La capacidad para componer contundentes y memorables melodías que mezclan rock, blues y psicodelia es ya indiscutible a manos de Manolo Bertrán. Y en estos diez títulos funciona con especial brillantez, con el añadido de los arreglos que aportan Chumi, David, Edu y Wally. Pero en esta ocasión son sus letras lo que más me ha hecho arquear las cejas. Si bien su uso del castellano ya era uno de los más afinados y cultos de toda la historia del pop patrio, en La Tierra Prometida la escritura de Bertrán se ha vuelto, a mi juicio, menos críptica. Aunque continúan las autorreferencias (el vertiginoso atleta moral), los homenajes a personajes cercanos (Cisco Fran, de La Gran Esperanza Blanca) o lejanos (Sal Mineo), los cantos de pájaros molestos (ese maldito autillo) o los personajes imposibles (Gigante Molina) y cierto olor a psicodelia, también encontramos reflexiones profundas. Más que nunca, quizás.
Así, la inicial “El día después”, entre lo más pop de la colección, sabe a todos esos planes ilusorios que nos prometíamos emprender tras el encierro pandémico. Quizás una pista de cómo empezó la génesis de un disco que, inmediatamente, lanza su red con “Mi suerte y la tuya después” para atraparnos del todo.
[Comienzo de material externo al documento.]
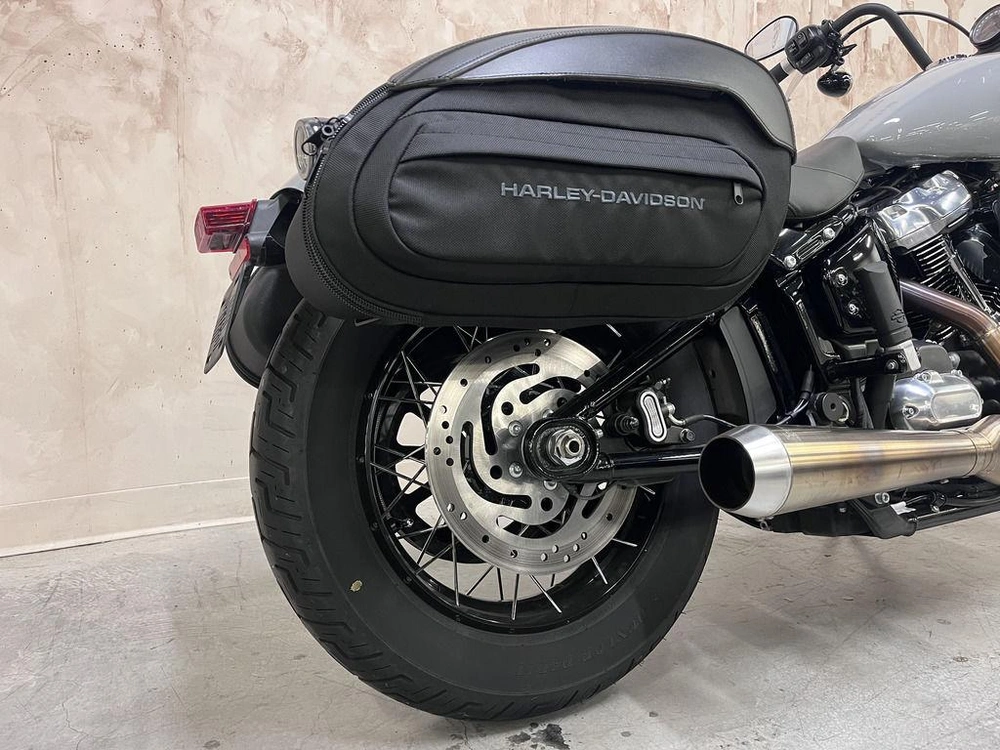 2025 Harley-davidson Fxbb Street Bob alt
Lo hacen “igual que ayer, pero diferente”, o eso canta con sorna Manolo, que usa la ironía para decirnos que, como decía hace poco el periodista Victor López Heras en el Confidencial, quienes nunca se fueron, jamás podrán regresar.
Ellos no se fueron nunca y se ríen de todo el/la que les dio por muertos. Se ríen también de los que olvidan lo realmente importante (“Tan ocupado”), de aquellos que bendicen el pensamiento único que nos adormece (“La verdadera luz”), de los que tratan de escapar de sí mismos (“De puntillas, mejor dicho, levitando”), de la inexorable erosión de la edad (“Ojos de serrín”) y, por supuesto, de sí mismos y de su circunstancia de viejales del lugar con ese magistral cierre que propina “El anciano de la tribu”.
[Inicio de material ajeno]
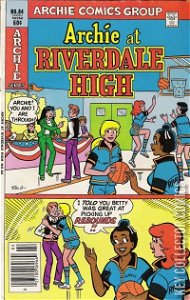Archie at Riverdale High #84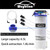 Wzyblixo Pneumatic/Manual Fluid Extractor, 1.72 Gallon (6.5L) Oil Extractor Pump with Extended Oil Suction Hose and A Brake Bleeding Hose for Automotive Fluids Vacuum Evacuation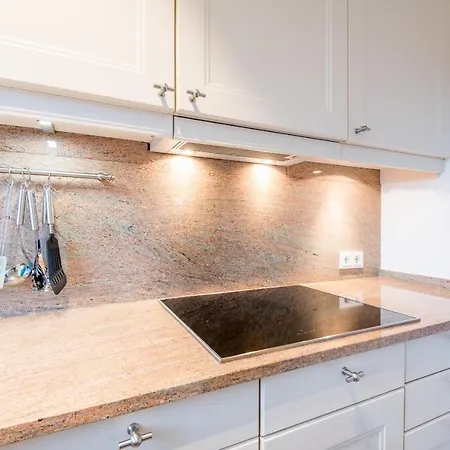 Apartment Haus Clarissa Whg 14 Heidetraum Wenningstedt-Braderup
Es quizás esta última la canción que resume el espíritu de puñetazo en la mesa del que hablábamos. Nos piden que les dejemos envejecer sin disimulo. Y es curioso, porque su música hace de todo menos envejecer. Su compromiso consigo mismos, con su idea de lo que debe ser el rock and roll, hace que esa música que ya es clásica siga sonando en sus manos con absoluta frescura y vigencia. Eso es, precisamente, lo que pretenden con esta Tierra Prometida, que no es otra cosa que una totalmente honesta muestra de amor y poder absoluto, que sin duda será verdadero maná para esa “familia Divago”, quizá no muy numerosa, pero tan perseverante y auténtica como ellos, que siempre les ha seguido. Y con eso a ellos les basta, pero yo sigo pensando que discos como éste deberían cincelar su nombre con letras de oro en el más alto partenón del pop de este país. ¡Así sea!